▶ **Stored data**:
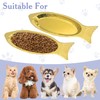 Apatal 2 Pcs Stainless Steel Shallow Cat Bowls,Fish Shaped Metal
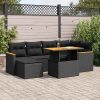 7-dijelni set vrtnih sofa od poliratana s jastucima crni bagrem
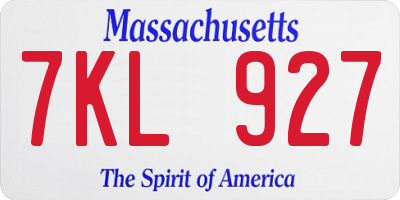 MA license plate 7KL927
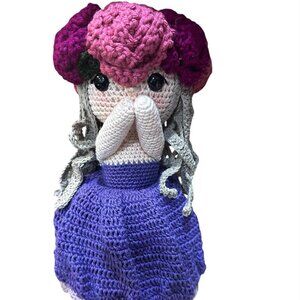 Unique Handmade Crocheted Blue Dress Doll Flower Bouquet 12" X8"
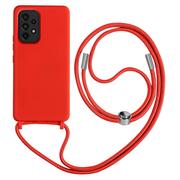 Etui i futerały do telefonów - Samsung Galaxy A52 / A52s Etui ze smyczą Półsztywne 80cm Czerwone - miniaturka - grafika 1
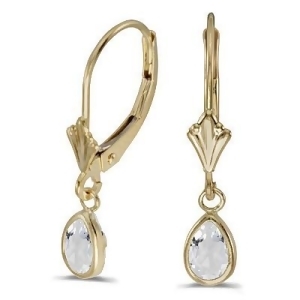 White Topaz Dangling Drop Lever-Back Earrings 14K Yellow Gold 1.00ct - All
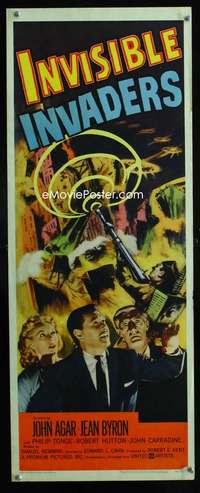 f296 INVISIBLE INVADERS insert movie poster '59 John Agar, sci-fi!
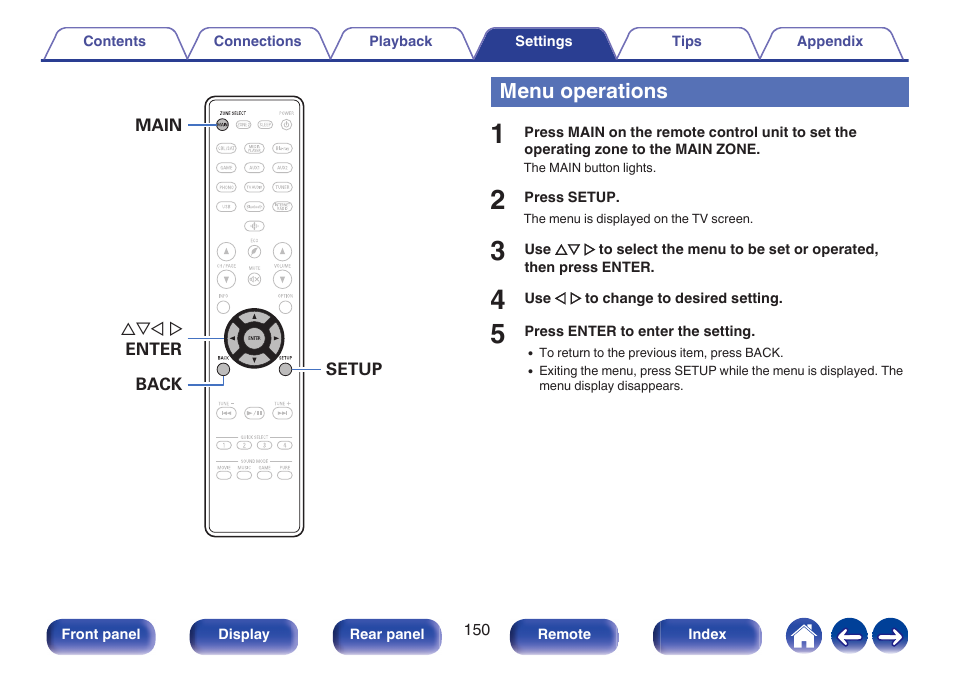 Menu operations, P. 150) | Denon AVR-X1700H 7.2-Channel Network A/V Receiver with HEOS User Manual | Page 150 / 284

--

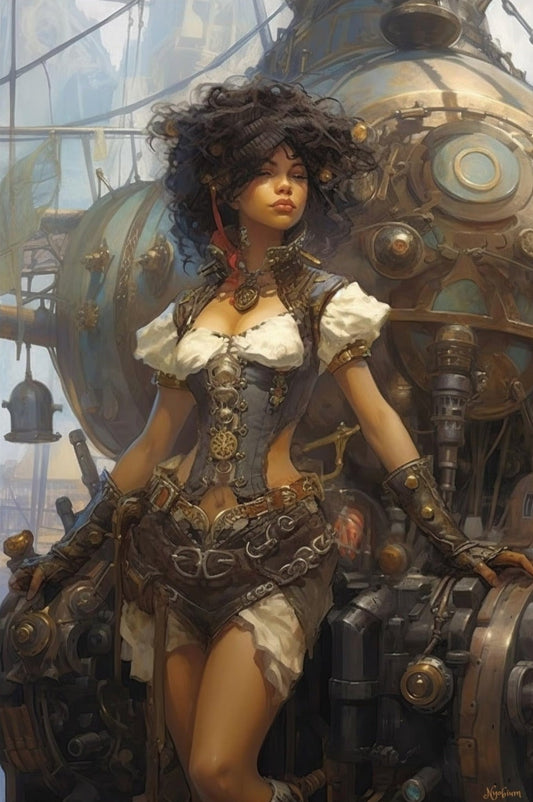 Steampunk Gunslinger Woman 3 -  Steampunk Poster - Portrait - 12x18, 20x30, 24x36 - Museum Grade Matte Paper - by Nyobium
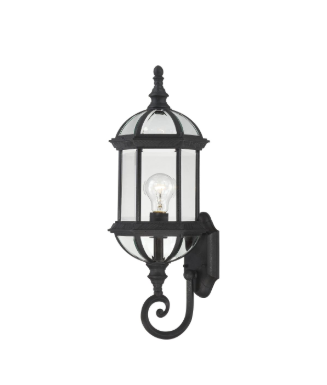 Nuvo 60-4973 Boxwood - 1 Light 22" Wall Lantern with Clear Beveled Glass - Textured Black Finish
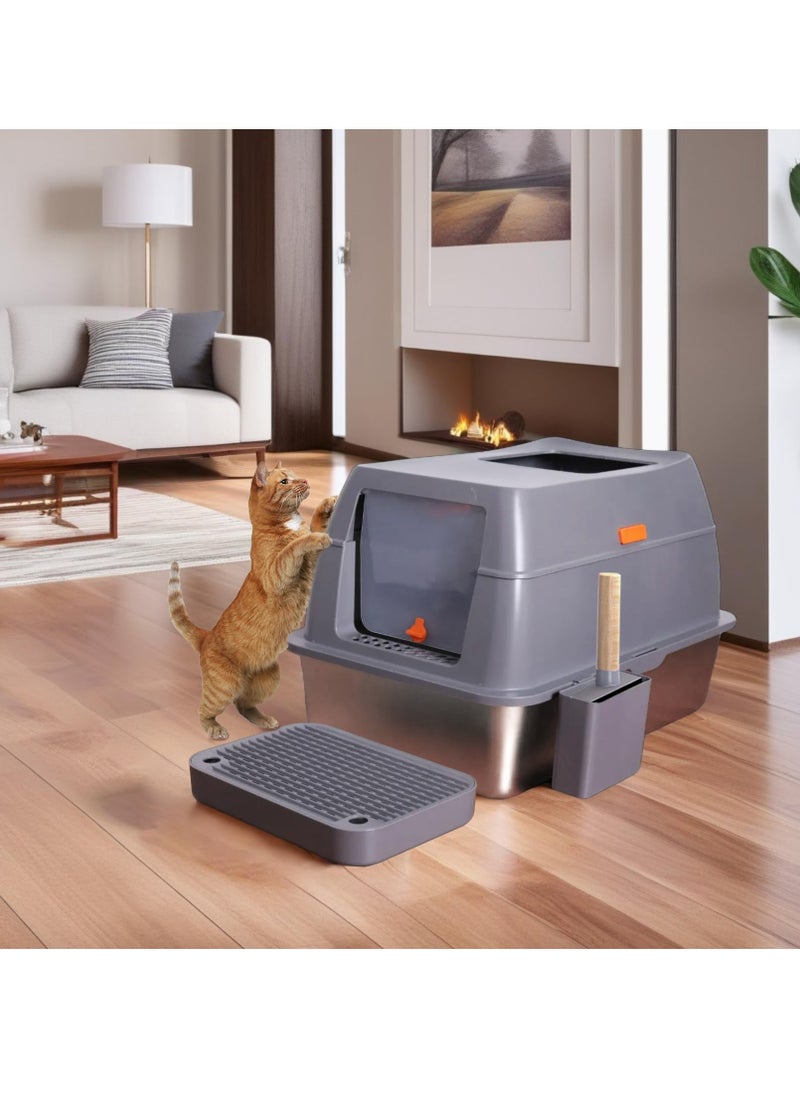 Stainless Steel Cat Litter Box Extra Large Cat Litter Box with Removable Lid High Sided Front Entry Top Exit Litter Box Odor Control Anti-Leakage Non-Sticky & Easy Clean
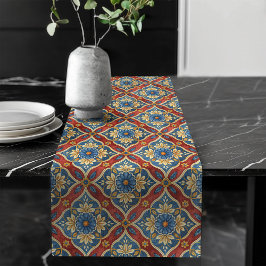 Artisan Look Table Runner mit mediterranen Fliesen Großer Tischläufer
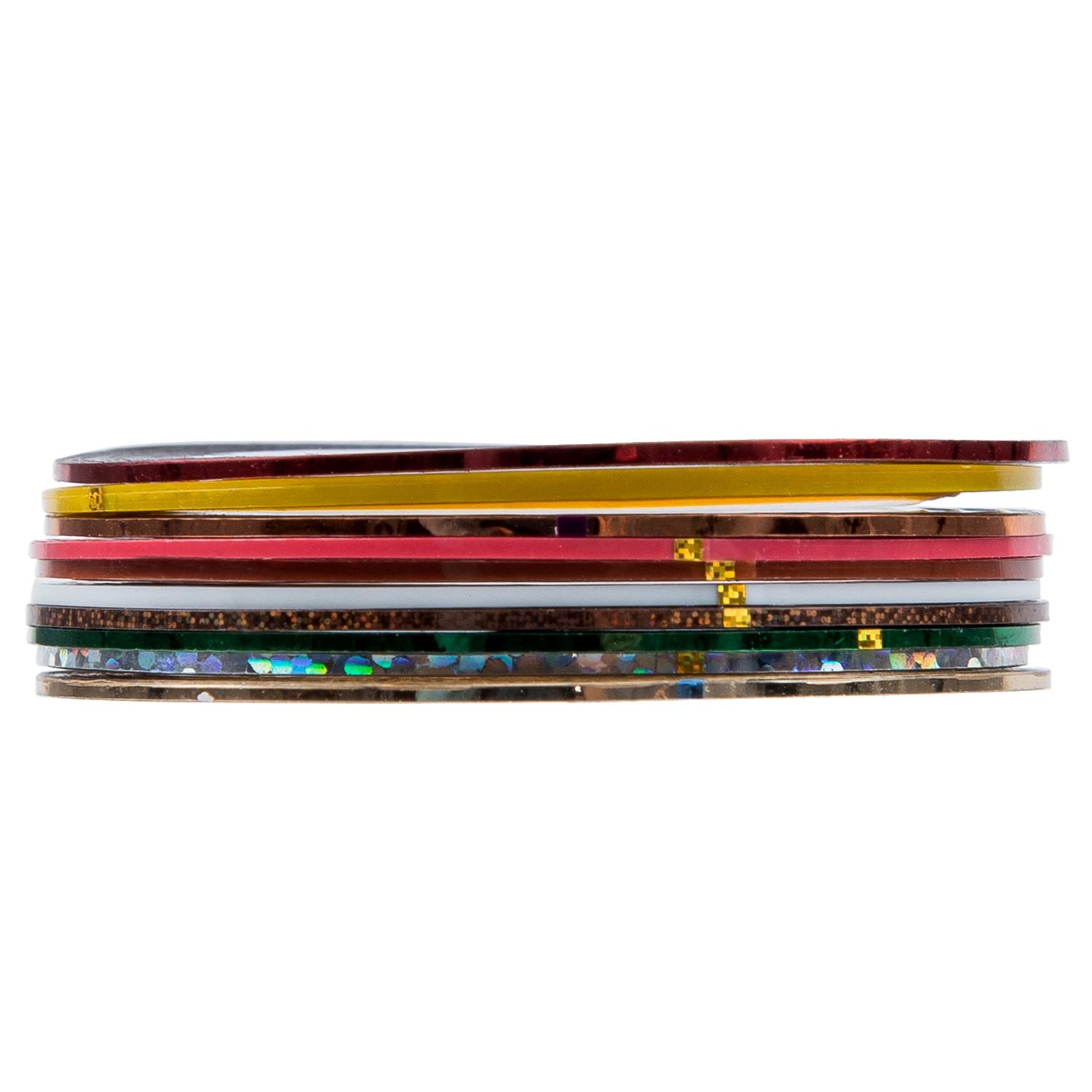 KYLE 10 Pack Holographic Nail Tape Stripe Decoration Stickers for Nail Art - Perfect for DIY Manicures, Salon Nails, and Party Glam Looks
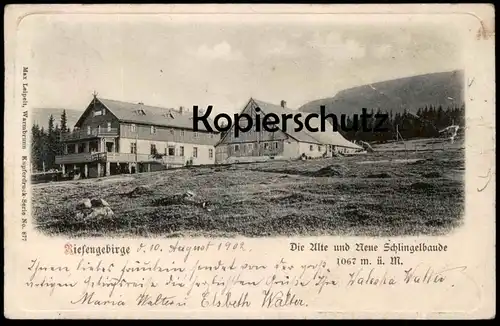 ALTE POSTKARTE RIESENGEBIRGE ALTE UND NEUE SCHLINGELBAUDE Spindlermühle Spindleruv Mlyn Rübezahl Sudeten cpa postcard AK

▶ **What is being asked**: Every line above in the stretch from the one with "Apatal 2 Pcs" through the one with "Menu operations, P." is to be transcribed exactly, ends included. No picture is copied.

▶ **Result of the task**:
 Apatal 2 Pcs Stainless Steel Shallow Cat Bowls,Fish Shaped Metal
 7-dijelni set vrtnih sofa od poliratana s jastucima crni bagrem
 MA license plate 7KL927
 Unique Handmade Crocheted Blue Dress Doll Flower Bouquet 12" X8"
 Etui i futerały do telefonów - Samsung Galaxy A52 / A52s Etui ze smyczą Półsztywne 80cm Czerwone - miniaturka - grafika 1
 White Topaz Dangling Drop Lever-Back Earrings 14K Yellow Gold 1.00ct - All
 f296 INVISIBLE INVADERS insert movie poster '59 John Agar, sci-fi!
 Menu operations, P. 150) | Denon AVR-X1700H 7.2-Channel Network A/V Receiver with HEOS User Manual | Page 150 / 284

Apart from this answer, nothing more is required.